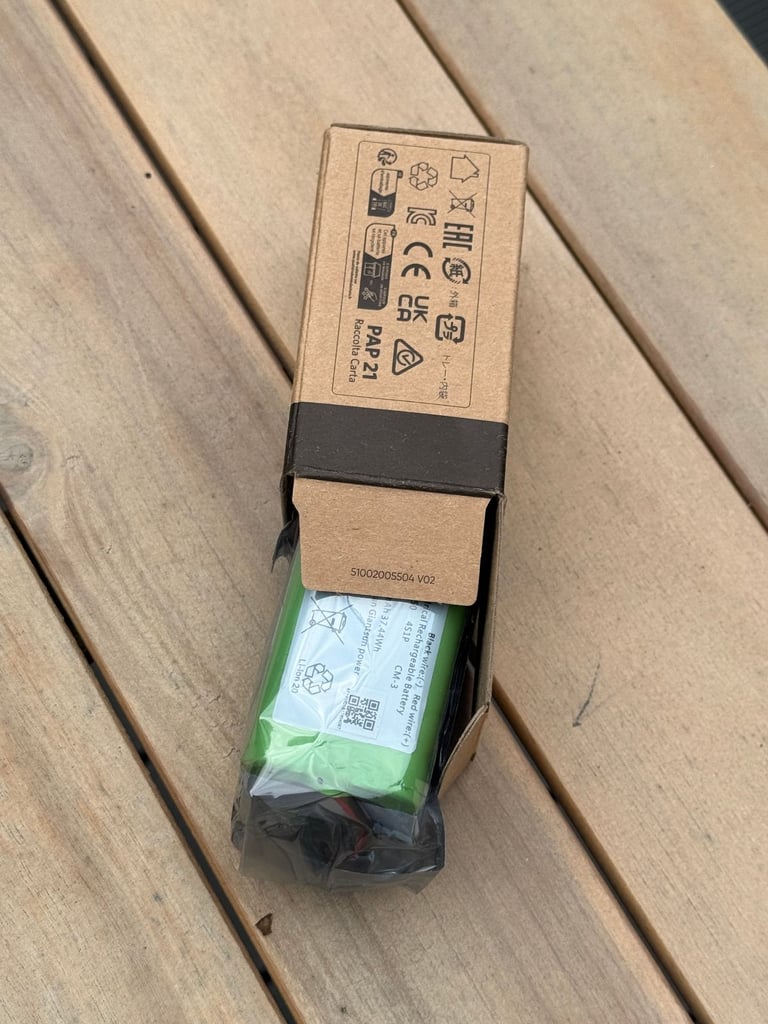 Eufy RoboVac 30C Robot Vacuum + Brand New Official Spare Parts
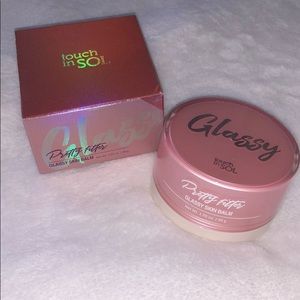 Touch In Sol Pretty Filter Glassy Skin Balm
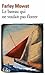 Le bateau qui ne voulait pas flotter by Farley Mowat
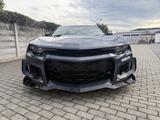 Chevrolet Camaro 6,2 V8 automat LT1 - Chevrolet Camaro: 1lt
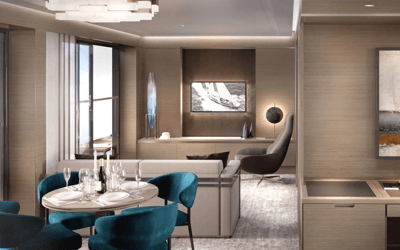 Evrima - Signature Suite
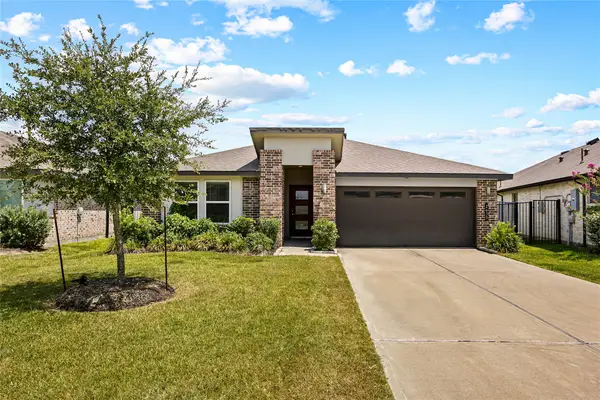 2630 Vanilla Sky Lane, Texas City, TX 77568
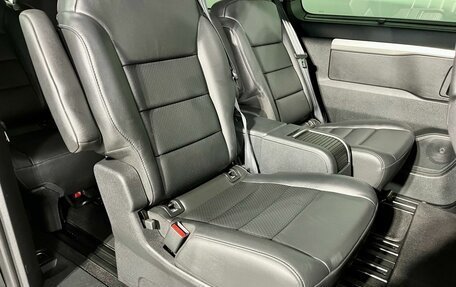 Citroen SpaceTourer I, 2021 год, 3 700 000 рублей, 14 фотография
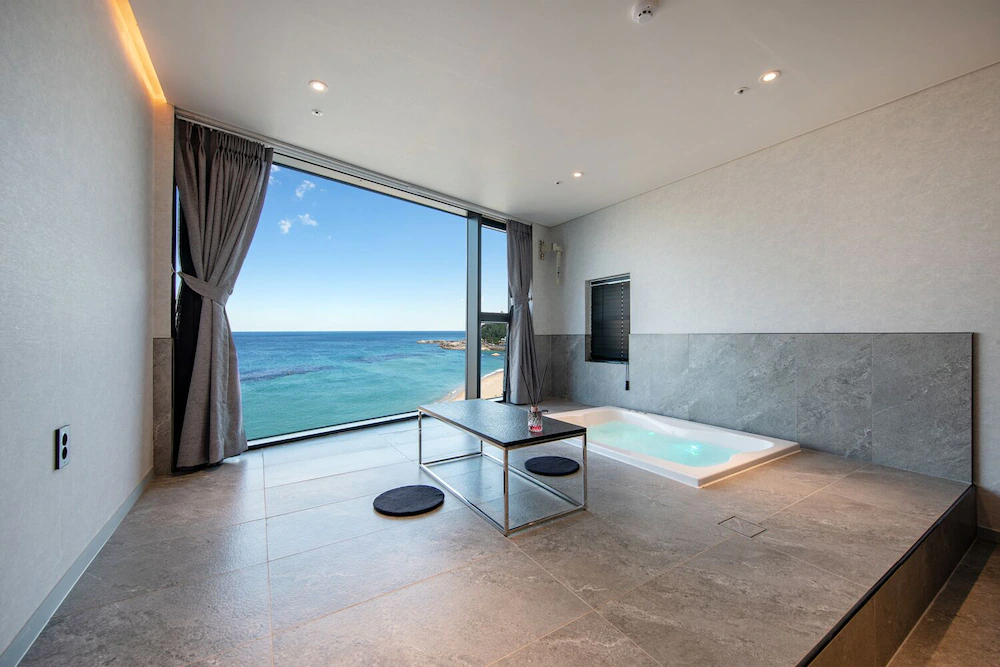 W Spa Pension W Spa Pension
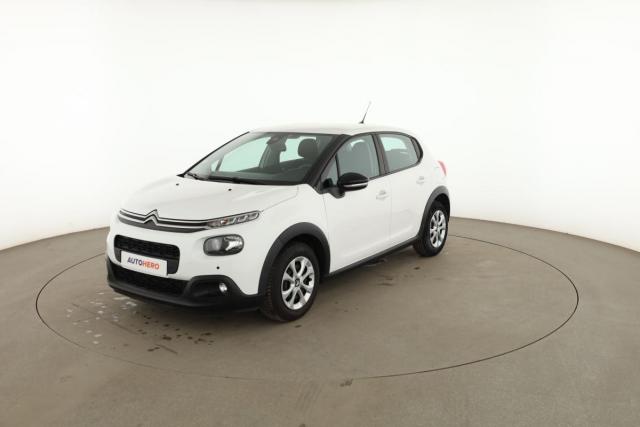 Citroen C3 1.2 Puretech Feel Business 68 Ch
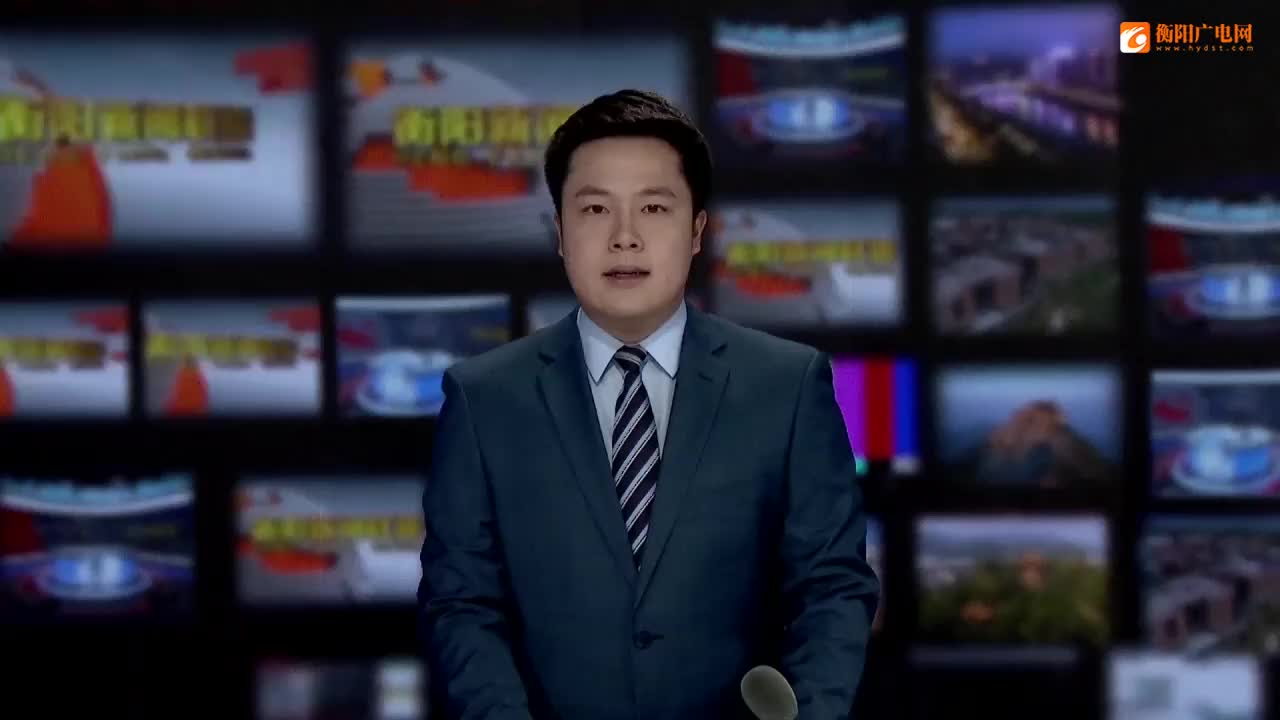 我的衡阳 我的奋斗 | 胡文君：让数学赋予“人文味”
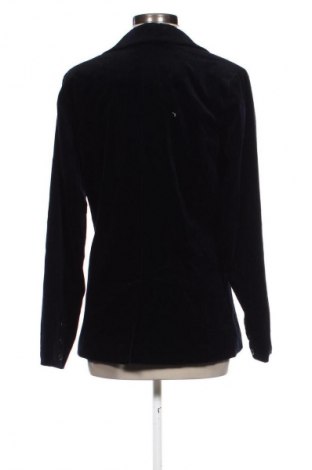 Sacou de femei Culture, Mărime S, Culoare Albastru, Preț 182,46 Lei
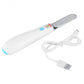 Rechargeable Heated Butter Knife - Indigo-Temple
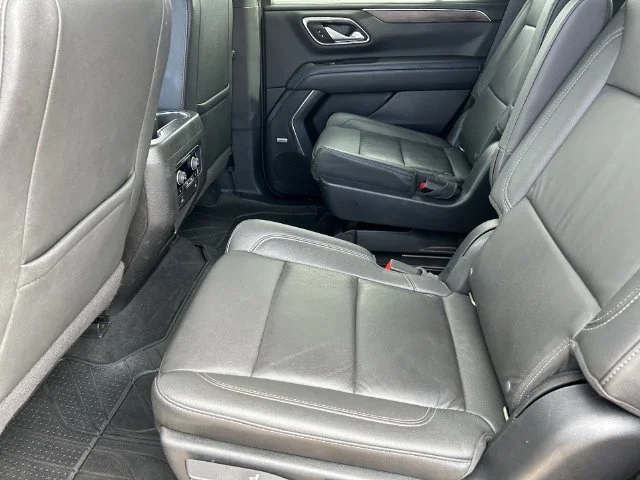 2022 Chevrolet Tahoe Z71 - Photo 18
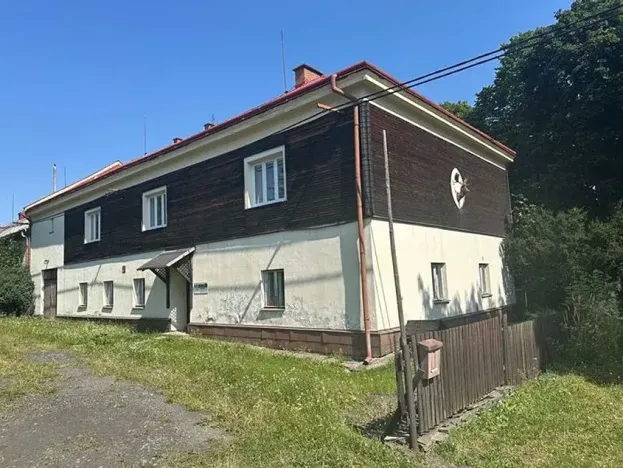 Prodej rodinného domu, Hrabyně, 515 m2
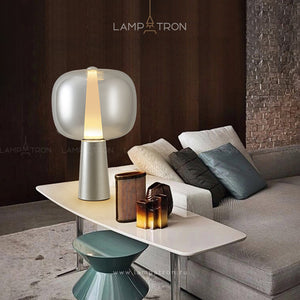 FOLLETT TAB Desk lamp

──────

Set down exactly, and only, the lines from the one containing "Rechargeable Heated Butter" through the last line of the entries. Pictures do not belong in the copy.

 Rechargeable Heated Butter Knife - Indigo-Temple
 2022 Chevrolet Tahoe Z71 - Photo 18
 Prodej rodinného domu, Hrabyně, 515 m2
 FOLLETT TAB Desk lamp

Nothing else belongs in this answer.